#chicagoGirl. The social network takes on a dictator
Presentato durante la rassegna organizzata a Roma da Internazionale e CineAgenzia il documentario #chicagoGirl. The social network takes on a dictator.
Roma. #chicagoGirl. The social network takes on a dictator è presentato al Palazzo delle Esposizioni durante la rassegna che Internazionale, in collaborazione con CineAgenzia, dedica ai migliori documentari sulla realtà e sui diritti umani. Girato nel 2013 da Joe Piscatella, e proiettato per la prima volta nel novembre dello stesso anno, #chicagoGirl racconta la Siria delle prime rivolte attraverso una doppia narrazione. A essere intrecciati, e allo stesso tempo ben distinguibili, i filmati girati in prima persona dai citizen journalist siriani e la storia di Ala'a Basatneh. È lei la ragazza di Chicago che, un continente e un oceano di distanza, coordina le rivolte dalla propria camera. Un filo diretto con la Siria: attraverso il suo lavoro sui social network, Ala'a diventa una figura necessaria all’organizzazione dell’azione sul campo. Lei stessa ne è consapevole.
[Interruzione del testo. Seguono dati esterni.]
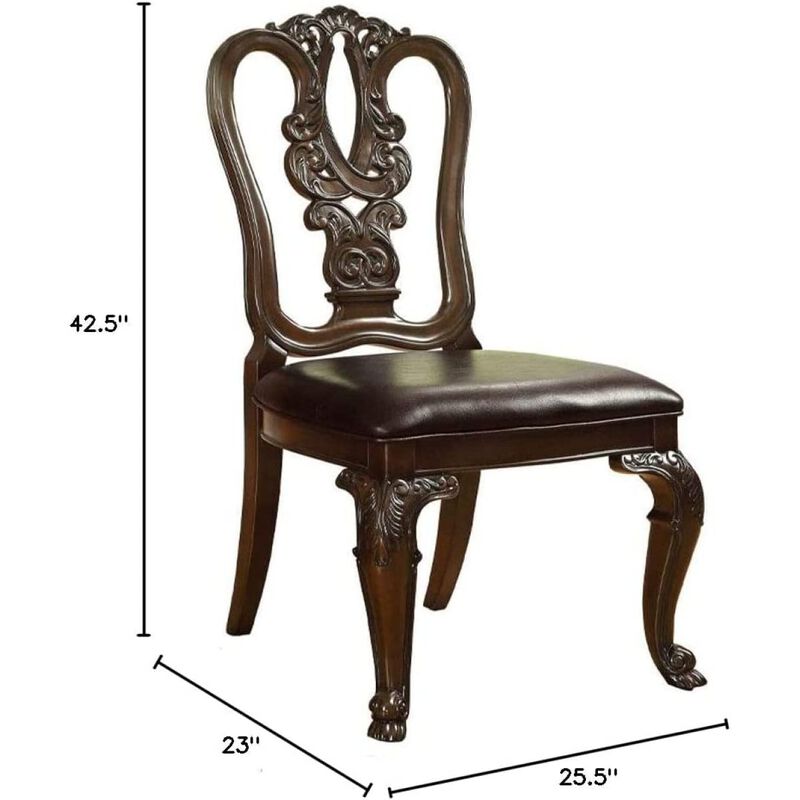 Streamdale Intricate Brown Cherry Side Chairs Set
Lo riconosce quando traccia una netta e non valicabile linea di confine tra il prima, la vita da adolescente di periferia, e il dopo rappresentato dalla rivoluzione.
Attraverso Facebook e Twitter, Ala’a aiuta i compagni a fronteggiare la violenta repressione di Assad. Grazie ai suoi movimenti sulla tastiera, i video girati a Homs e Damasco dai manifestanti finiscono in rete. Diventano virali, arrivano alle grandi emittenti televisive. Rimbalzano, fanno il giro dei continenti in quanto marchio incancellabile delle violenze commesse dal regime. La ragazza di Chicago carica i video su Youtube, oscura i volti delle persone per evitare che siano riconosciuti, inserisce data e ora, li traduce. Se uno dei rivoluzionari è catturato dalle forze militari, Ala’a ne cancella il profilo Fb. Perché i movimenti sul web, i contenuti degli account, potrebbero portare alla definitiva accusa di sovversione nei confronti del regime.
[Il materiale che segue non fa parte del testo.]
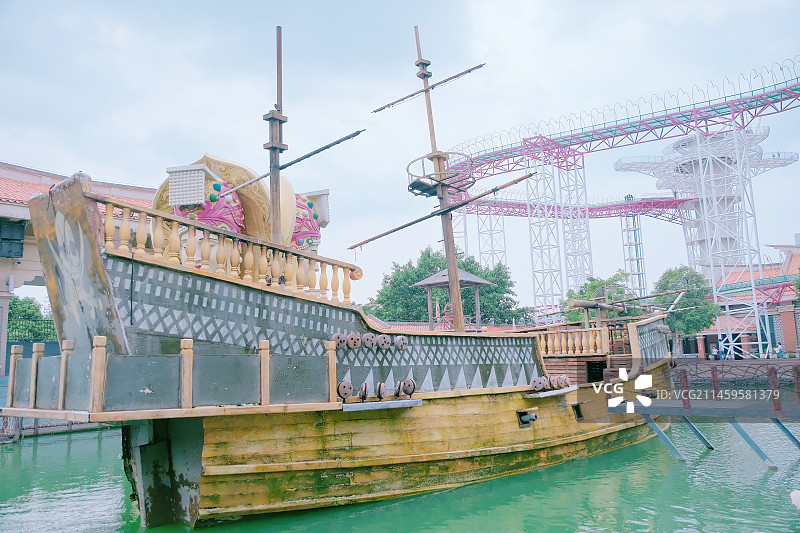 厦门老院子景区海盗船图片素材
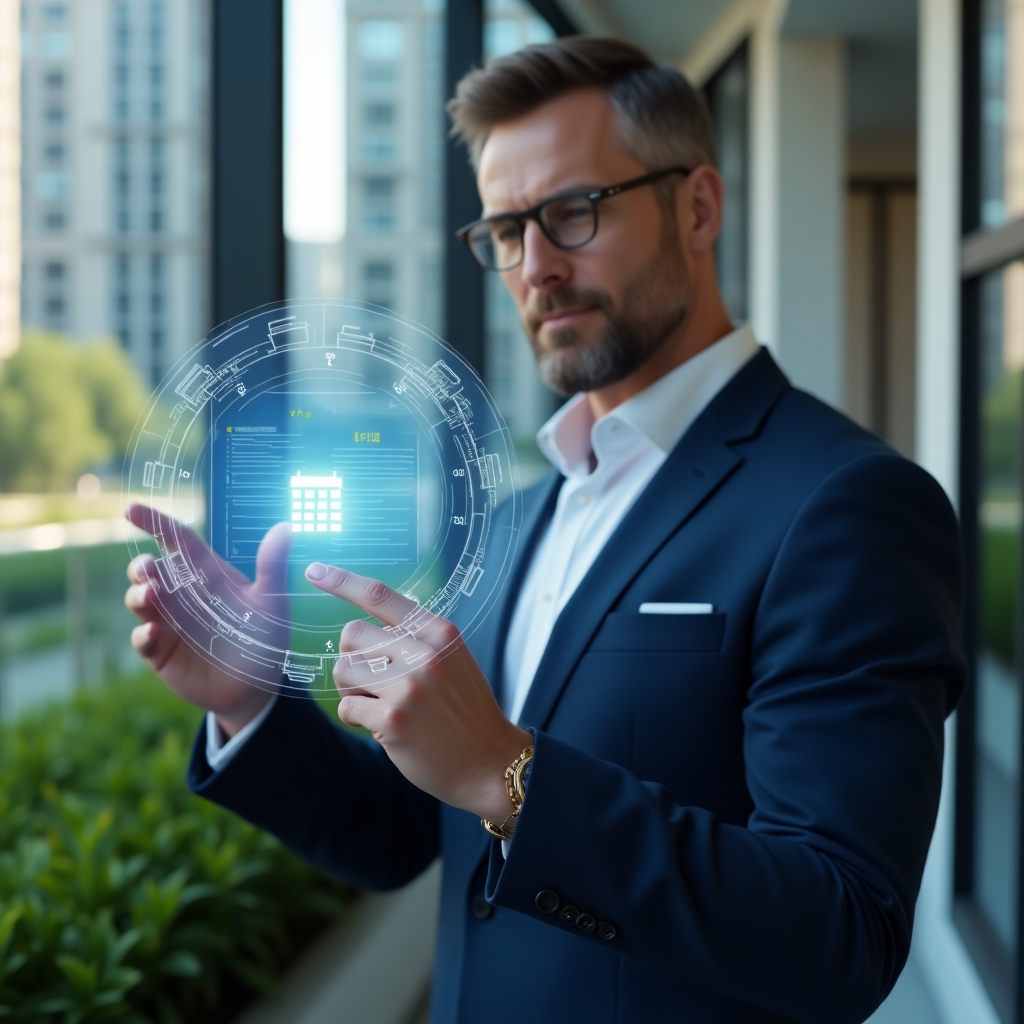 Ultra-realistic condominium manager in a navy executive suit, set in a modern luxury condominium environment with high-rise buildings and lush green landscaping, medium close-up of a confident professional tapping on a floating holographic activity schedule with calendar icons and checkmarks, cinematic lighting, shallow depth of field, highly detailed textures, realistic skin, photographic realism, 8k resolution --ar 1:1 --v 6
Lo lascia intuire lo stesso titolo, il documentario è un’interessante analisi del ruolo ricoperto dai social network durante la rivoluzione siriana. Della crucialità del loro ruolo nel mantenere in contatto i manifestanti. Nell’aumentare le loro presenze in strada perché, come Ala’a ricorda, il problema con le piccole manifestazioni è che possono essere disperse facilmente. La rete diventa la forma indispensabile per esprimere opposizione e conflitto politico. Certo, non che i social media siano stati la causa determinante delle rivolte. Senza la piazza sarebbero rimasti svuotati del loro contenuto. Eppure creano nuovi spazi di discussione, diventano un luogo fondamentale di aggregazione del dissenso.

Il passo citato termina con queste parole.